Introduction
Learning Objectives
By the end of this module, you should be able to:
- Explain the role of exploratory data analysis (EDA) in an HCI research workflow
- Compute and interpret summary statistics for grouped experimental data
- Create informative visualizations using
ggplot2 to inspect distributions, compare conditions, and explore variable relationships
- Identify outliers using the IQR method and visual inspection
- Check normality and variance assumptions before proceeding to inferential statistics
- Choose appropriate chart types based on data characteristics
What Is EDA?
Exploratory Data Analysis (EDA) is the practice of examining a dataset before applying any formal statistical models or hypothesis tests. The term was coined by John Tukey (1977), who argued that analysts should first look at the data rather than jump straight to confirming or rejecting hypotheses.
In short: understand before you model.
Why EDA Matters in HCI Research
HCI user studies generate messy, human-produced data. Participants behave in unexpected ways, sensors drop readings, and experimental conditions interact with individual differences. EDA helps you catch these issues early. Specifically, EDA answers questions like:
- What does the data look like?
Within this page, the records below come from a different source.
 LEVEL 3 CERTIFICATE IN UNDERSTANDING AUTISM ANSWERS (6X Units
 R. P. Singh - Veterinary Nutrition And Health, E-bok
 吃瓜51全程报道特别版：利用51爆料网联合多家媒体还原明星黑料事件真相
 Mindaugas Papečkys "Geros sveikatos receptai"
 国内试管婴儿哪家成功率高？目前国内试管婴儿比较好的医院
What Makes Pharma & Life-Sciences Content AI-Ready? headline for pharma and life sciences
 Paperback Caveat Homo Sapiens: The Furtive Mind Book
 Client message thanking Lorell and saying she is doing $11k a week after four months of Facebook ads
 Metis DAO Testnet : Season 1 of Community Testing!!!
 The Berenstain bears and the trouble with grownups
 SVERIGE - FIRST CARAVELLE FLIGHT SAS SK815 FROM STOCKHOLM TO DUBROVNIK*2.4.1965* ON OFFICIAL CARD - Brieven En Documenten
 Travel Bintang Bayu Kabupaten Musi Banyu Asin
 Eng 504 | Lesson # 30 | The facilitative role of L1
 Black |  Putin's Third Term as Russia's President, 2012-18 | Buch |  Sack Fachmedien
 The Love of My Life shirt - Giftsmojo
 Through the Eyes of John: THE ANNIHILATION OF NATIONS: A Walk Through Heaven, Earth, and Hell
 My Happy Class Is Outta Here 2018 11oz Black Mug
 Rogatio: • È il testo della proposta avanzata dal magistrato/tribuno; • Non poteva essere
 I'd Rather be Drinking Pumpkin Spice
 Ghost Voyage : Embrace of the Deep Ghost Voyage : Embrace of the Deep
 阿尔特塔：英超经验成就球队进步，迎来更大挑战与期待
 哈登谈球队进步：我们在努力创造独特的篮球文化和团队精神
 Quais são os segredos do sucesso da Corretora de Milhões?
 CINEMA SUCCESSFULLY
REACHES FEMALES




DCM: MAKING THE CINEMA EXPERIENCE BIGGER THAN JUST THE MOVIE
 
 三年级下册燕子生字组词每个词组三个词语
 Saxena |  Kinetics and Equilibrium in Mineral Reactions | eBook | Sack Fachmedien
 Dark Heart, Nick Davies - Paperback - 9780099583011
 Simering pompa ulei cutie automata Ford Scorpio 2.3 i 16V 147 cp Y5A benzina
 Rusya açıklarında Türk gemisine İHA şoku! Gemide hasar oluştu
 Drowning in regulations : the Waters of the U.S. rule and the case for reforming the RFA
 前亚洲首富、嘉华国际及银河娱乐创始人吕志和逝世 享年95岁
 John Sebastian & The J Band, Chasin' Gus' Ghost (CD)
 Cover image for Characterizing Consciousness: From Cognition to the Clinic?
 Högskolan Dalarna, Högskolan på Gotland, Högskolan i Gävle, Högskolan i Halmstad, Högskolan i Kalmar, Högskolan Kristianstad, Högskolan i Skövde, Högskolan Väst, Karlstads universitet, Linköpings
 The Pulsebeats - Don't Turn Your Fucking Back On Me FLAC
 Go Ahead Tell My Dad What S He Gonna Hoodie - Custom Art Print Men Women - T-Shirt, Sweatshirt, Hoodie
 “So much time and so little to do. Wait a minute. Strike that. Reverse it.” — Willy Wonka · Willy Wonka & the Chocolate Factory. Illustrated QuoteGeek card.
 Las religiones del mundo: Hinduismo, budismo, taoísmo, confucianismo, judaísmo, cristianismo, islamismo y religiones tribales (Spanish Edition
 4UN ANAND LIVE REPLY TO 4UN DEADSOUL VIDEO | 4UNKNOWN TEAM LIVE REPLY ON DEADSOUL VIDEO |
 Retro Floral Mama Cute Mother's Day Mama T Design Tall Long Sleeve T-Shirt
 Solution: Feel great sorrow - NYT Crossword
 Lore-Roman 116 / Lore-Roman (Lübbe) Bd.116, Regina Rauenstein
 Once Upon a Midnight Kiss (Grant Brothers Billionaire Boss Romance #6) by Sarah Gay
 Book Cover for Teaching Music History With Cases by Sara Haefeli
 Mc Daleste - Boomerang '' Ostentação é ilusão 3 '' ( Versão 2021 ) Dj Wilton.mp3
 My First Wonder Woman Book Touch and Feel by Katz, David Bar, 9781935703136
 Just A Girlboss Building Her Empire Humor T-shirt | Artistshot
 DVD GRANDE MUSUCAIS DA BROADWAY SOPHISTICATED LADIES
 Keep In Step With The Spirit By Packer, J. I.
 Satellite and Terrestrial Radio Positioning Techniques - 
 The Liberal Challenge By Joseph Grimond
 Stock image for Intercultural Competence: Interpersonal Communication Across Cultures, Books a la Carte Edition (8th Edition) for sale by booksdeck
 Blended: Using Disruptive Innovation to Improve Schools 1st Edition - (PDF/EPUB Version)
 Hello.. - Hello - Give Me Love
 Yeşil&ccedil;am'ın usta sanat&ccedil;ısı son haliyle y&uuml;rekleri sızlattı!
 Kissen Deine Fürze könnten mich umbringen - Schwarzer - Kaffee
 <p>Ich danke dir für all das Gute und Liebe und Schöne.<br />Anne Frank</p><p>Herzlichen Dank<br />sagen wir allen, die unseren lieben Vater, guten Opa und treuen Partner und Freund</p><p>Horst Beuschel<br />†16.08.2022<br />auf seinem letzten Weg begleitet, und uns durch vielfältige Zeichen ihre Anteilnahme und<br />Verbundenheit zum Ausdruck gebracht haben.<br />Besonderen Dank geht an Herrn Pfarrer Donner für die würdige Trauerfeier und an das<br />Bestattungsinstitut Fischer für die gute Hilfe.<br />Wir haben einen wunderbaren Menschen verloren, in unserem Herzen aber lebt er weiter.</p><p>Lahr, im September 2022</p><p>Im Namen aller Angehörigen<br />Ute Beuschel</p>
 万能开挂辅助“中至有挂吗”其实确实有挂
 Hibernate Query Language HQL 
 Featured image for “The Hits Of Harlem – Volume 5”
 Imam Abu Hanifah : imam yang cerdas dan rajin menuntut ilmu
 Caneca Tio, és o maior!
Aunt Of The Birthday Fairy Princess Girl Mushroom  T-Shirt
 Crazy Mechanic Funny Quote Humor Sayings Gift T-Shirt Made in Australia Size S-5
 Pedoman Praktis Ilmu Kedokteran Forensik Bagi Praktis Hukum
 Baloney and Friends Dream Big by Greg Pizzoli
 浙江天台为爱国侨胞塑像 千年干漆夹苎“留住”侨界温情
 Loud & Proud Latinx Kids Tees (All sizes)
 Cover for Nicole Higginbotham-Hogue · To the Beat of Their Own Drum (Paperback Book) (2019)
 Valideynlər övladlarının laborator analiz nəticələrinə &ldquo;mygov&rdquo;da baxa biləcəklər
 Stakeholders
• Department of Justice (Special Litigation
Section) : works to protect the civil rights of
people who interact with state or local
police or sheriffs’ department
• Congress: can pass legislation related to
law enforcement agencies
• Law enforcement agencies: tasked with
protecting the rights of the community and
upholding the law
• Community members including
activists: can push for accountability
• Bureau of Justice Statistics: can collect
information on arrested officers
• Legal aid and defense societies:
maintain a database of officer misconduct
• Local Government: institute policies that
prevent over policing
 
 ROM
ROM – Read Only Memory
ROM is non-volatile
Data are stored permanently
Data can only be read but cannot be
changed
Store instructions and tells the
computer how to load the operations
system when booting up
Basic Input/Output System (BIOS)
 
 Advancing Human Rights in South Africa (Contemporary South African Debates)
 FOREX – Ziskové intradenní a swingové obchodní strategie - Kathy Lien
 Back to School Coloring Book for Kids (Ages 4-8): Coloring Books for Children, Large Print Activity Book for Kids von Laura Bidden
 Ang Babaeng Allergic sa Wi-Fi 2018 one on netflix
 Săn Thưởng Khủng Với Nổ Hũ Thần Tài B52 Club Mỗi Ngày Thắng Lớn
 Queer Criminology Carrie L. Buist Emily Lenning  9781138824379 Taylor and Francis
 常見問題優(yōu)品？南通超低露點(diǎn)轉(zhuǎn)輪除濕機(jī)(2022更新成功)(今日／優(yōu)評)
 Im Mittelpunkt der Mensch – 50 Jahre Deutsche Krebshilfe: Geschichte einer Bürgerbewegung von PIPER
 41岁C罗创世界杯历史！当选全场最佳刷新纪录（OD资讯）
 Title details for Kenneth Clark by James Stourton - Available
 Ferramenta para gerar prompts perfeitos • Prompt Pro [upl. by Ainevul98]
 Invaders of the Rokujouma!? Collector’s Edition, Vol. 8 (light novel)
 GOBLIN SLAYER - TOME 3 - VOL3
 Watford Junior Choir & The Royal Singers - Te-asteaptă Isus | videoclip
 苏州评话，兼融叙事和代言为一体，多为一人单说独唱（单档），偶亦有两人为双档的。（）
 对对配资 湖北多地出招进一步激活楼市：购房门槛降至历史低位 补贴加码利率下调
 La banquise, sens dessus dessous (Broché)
Are there missing values, duplicates, or impossible entries (e.g., negative reaction times)?
- How are the measurements distributed? Are they roughly normal, or heavily skewed? Are there outliers?
- Do conditions differ visually? Before running a t-test or ANOVA, can you already see a pattern in the data?
- Are variables related? Does typing speed correlate with experience? Does error rate depend on age?
- Are statistical assumptions met? Many inferential tests require normality and equal variances. EDA checks these before you commit to a particular test.